Attention, ce n'est pas un ouvrage facile. Une bonne connaissance du jargon philosophique et de l'histoire de la philosophie, des grecs aux contemporains, seraient fort utile pour saisir tous les développements de cet auteur, néanmoins sa pensée est si riche qu'on tire malgré tout grand profit de cette lecture.

Remarquons d'abord que le sous-titre prend finalement plus d'importance que le titre car seul le chapitre 1 (43 pages) traite du naufrage de l'université. M. Freitag qui est, nous dit-on, le philosophe de la société post-moderne, mène une critique systématique des sciences sociales et de cette société post-moderne.

A propos de l'université, la thèse avancée par l'auteur va à contre-courant des idées actuelles : c'est le développement de la recherche en son sein qui peut conduire l'université à sa destruction en l'écartant de sa tâche traditionnelle d'enseignement et de développement du savoir. Elle passe ainsi du statut d'institution de formation à celui d'organisation de production et de contrôle. L'aspect institutionnel renvoie à la priorité des fins, l'aspect organisationnel à la priorité des moyens.

Cette critique de l'université et de son mode de recherche est étendue tout naturellement aux sciences sociales accusées de s'intéresser uniquement à des procédés immédiatement opérationnels et de fonctionner comme des idéologies de légitimation propres à la modernité dans une société où l'individu n'a plus prise sur son avenir mais où il est soumis à des systèmes de régulation autonomisés de forme cybernétique sous l'influence des forces économiques et technologiques.

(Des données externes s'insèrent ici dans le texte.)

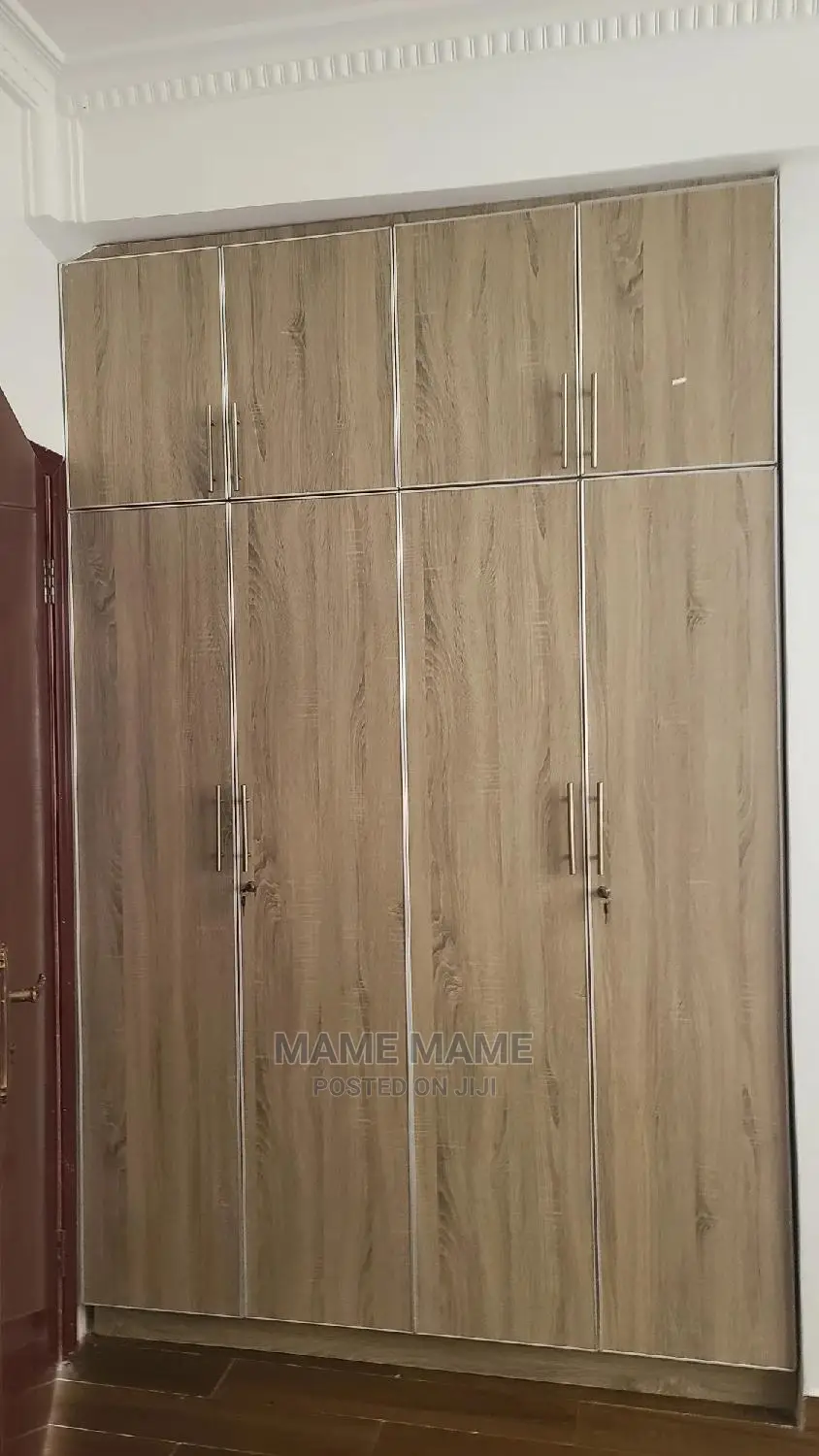 3bdrm Apartment in Addis Abeba, Bole for rent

Pour l'auteur, le plus inquiétant est justement la capacité qu'a ce système social de fonctionner en produisant un monde de plus en plus inhumain, parce qu'il parvient à gérer cette inhumanité et la révolte qu'elle suscite. Il faut donc « de l'intérieur et de l'extérieur empêcher d'urgence que la civilisation occidentale ne se développe unilatéralement en système technique capable d'assurer la destruction et la disparition du monde ». Il faut changer de civilisation et pour cela s'appuyer sur l'éducation : « c'est dans le redoublement de l'effort éducatif pour la culture, que peut être cultivé, maintenu et développé le seul contrepoids positif que nous puissions collectivement opposer au « laisser-faire, laisser-aller » des puissances technologiques, à notre mise sous dépendance à l'égard de ces puissances, à notre mise en dérive par elles ».